Et il fit de nouveau un pas vers la porte. J’ai craint d’irriter cet homme en refusant de céder à sa fantaisie, et surtout de perdre cette occasion d’avoir des nouvelles de mon petit Sylvest et de ma petite Siomara…

— Tu le veux donc absolument ? — lui ai-je dit ; — je boirai donc, et surtout je boirai à l’espoir de revoir bientôt mon fils et ma fille.

— Tu te fais prier beaucoup, — reprit le maquignon en se rapprochant de moi à la longueur de ma chaîne ; puis il me versa une pleine coupe de vin, et s’en versa une à lui-même. Je me souvins plus tard qu’il la porta longuement à ses lèvres, sans qu’il me fût possible de m’assurer qu’il avait bu. — Allons, ajouta-t-il, — allons, buvons… au bon gain que je ferai sur toi.

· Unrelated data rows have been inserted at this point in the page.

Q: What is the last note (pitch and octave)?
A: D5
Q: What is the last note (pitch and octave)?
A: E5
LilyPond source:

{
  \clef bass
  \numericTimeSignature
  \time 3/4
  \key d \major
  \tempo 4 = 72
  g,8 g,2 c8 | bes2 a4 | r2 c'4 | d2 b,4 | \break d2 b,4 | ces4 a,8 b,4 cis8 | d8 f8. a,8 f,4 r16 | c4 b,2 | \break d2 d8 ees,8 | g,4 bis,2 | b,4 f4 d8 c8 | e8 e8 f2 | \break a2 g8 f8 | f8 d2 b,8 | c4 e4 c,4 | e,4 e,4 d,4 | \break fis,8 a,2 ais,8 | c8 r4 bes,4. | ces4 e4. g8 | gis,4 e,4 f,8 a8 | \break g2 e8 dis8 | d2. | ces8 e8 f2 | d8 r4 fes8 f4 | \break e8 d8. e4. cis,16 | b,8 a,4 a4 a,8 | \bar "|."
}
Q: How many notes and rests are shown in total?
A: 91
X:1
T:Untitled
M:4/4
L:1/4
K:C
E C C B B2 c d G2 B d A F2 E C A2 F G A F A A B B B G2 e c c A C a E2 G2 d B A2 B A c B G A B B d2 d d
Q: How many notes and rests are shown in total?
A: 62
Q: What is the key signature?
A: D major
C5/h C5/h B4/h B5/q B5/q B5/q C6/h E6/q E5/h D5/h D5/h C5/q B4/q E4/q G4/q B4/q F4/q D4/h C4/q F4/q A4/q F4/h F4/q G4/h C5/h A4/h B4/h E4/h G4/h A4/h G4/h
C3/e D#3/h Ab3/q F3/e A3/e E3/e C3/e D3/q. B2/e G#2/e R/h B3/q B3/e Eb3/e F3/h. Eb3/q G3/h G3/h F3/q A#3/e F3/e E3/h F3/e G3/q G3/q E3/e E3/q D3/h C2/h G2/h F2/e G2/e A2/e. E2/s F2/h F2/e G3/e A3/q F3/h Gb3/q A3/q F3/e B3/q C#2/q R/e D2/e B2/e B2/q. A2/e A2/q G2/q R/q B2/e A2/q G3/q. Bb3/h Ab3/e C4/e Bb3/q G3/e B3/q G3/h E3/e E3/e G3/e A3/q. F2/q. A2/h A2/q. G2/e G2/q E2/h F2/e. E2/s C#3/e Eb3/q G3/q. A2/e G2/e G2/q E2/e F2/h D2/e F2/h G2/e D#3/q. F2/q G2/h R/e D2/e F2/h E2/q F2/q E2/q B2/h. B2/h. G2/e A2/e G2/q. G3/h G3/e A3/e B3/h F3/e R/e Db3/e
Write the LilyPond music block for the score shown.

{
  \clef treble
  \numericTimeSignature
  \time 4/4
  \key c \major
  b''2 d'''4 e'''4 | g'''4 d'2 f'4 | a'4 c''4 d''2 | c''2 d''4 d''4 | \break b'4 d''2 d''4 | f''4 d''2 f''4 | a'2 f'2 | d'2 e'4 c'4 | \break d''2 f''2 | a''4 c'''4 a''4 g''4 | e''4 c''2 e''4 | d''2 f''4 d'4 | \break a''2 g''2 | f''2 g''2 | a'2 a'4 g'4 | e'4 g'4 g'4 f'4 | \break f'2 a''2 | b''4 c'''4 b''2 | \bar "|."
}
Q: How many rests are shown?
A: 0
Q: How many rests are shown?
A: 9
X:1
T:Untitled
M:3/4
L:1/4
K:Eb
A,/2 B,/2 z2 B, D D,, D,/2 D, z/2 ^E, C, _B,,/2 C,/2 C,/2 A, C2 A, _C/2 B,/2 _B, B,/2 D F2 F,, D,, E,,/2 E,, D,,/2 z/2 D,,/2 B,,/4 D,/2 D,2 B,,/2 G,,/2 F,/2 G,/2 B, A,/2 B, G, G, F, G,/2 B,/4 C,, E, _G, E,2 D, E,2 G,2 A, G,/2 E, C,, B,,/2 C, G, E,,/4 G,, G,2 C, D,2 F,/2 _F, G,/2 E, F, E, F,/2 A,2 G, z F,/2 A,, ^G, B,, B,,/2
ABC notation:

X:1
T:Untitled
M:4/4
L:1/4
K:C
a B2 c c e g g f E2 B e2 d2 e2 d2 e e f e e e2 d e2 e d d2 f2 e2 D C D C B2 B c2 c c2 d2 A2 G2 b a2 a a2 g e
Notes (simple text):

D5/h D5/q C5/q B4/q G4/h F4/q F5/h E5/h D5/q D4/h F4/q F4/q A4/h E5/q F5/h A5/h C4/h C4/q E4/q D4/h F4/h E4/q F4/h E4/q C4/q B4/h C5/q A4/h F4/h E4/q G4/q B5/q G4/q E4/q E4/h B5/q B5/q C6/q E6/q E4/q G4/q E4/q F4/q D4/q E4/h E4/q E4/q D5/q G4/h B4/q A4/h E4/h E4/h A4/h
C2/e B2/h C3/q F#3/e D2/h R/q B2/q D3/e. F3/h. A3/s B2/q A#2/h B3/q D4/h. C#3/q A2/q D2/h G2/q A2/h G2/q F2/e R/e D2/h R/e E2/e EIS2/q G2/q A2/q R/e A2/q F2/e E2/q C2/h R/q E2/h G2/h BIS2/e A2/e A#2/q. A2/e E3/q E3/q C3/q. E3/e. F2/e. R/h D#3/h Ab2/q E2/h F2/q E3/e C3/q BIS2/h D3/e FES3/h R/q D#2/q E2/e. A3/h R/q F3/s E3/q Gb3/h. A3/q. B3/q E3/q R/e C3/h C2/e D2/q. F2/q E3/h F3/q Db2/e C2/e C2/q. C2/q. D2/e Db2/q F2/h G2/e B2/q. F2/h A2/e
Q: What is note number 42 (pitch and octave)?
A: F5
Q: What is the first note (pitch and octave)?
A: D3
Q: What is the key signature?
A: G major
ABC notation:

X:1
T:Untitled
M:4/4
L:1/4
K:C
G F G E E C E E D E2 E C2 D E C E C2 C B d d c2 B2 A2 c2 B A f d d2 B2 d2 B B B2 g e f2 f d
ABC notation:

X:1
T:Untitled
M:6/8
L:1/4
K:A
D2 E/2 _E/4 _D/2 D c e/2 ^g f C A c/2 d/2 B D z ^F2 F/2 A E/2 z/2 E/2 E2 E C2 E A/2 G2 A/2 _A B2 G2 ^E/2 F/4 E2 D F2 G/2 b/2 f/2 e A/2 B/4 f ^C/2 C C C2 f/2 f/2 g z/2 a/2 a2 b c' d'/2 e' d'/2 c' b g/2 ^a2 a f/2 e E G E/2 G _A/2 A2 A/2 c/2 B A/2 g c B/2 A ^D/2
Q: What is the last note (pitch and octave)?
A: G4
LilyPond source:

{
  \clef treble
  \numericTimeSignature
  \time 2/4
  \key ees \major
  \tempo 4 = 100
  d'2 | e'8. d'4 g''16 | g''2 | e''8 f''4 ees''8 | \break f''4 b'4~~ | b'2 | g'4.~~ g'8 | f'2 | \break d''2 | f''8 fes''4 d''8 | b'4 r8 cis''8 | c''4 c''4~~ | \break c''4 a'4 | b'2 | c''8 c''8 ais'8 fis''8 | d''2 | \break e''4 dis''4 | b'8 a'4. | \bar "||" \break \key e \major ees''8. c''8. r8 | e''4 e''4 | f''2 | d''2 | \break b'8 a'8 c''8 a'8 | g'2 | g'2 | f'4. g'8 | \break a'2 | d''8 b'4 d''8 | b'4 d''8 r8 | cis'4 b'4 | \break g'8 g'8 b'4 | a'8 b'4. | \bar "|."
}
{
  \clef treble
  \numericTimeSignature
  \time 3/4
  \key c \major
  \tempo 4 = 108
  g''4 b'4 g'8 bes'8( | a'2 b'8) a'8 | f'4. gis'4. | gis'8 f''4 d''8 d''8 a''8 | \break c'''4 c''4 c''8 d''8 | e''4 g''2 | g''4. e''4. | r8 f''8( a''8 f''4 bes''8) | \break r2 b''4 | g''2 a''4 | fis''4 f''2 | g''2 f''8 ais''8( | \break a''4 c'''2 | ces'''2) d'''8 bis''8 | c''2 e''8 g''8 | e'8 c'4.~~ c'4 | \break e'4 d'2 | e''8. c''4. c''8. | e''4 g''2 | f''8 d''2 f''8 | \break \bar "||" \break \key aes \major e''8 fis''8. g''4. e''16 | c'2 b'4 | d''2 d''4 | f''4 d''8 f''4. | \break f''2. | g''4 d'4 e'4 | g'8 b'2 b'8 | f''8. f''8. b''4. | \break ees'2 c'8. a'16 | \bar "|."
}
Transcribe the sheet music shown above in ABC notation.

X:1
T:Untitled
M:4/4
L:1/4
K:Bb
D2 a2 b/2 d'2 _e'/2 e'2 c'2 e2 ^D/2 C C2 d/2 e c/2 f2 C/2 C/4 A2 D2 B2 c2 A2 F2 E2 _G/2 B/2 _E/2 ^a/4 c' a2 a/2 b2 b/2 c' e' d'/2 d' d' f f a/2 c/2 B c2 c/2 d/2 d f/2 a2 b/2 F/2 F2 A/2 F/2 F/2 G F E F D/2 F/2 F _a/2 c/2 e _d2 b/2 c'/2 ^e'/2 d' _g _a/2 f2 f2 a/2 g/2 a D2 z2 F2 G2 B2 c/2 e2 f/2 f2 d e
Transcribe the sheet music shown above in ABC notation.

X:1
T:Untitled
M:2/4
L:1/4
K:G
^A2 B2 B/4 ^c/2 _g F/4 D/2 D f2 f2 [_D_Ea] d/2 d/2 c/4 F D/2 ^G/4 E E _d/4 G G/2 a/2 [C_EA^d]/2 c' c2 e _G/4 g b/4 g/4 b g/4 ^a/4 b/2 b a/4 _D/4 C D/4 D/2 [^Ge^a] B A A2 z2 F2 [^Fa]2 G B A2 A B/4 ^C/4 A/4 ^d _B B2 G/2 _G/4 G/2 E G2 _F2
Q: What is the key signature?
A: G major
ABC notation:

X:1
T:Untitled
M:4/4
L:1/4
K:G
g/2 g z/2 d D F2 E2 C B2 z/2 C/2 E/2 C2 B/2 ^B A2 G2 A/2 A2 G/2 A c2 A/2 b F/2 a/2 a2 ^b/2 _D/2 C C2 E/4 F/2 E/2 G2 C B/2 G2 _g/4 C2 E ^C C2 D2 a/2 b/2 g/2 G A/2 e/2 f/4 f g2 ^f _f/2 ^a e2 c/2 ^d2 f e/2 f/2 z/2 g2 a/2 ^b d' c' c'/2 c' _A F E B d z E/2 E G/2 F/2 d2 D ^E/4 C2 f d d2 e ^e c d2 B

— Oui, buvons à mon espoir de revoir mes enfants.

À mon tour je vidai ma coupe ; ce vin me sembla excellent.

— J’ai promis, — reprit cet homme, — je tiendrai ma promesse. Tu m’as dit que le chariot où se trouvait ta famille le jour de la bataille de Vannes était attelé de quatre bœufs noirs ?

— Oui.

— De quatre bœufs portant chacun une petite marque blanche au milieu du front ?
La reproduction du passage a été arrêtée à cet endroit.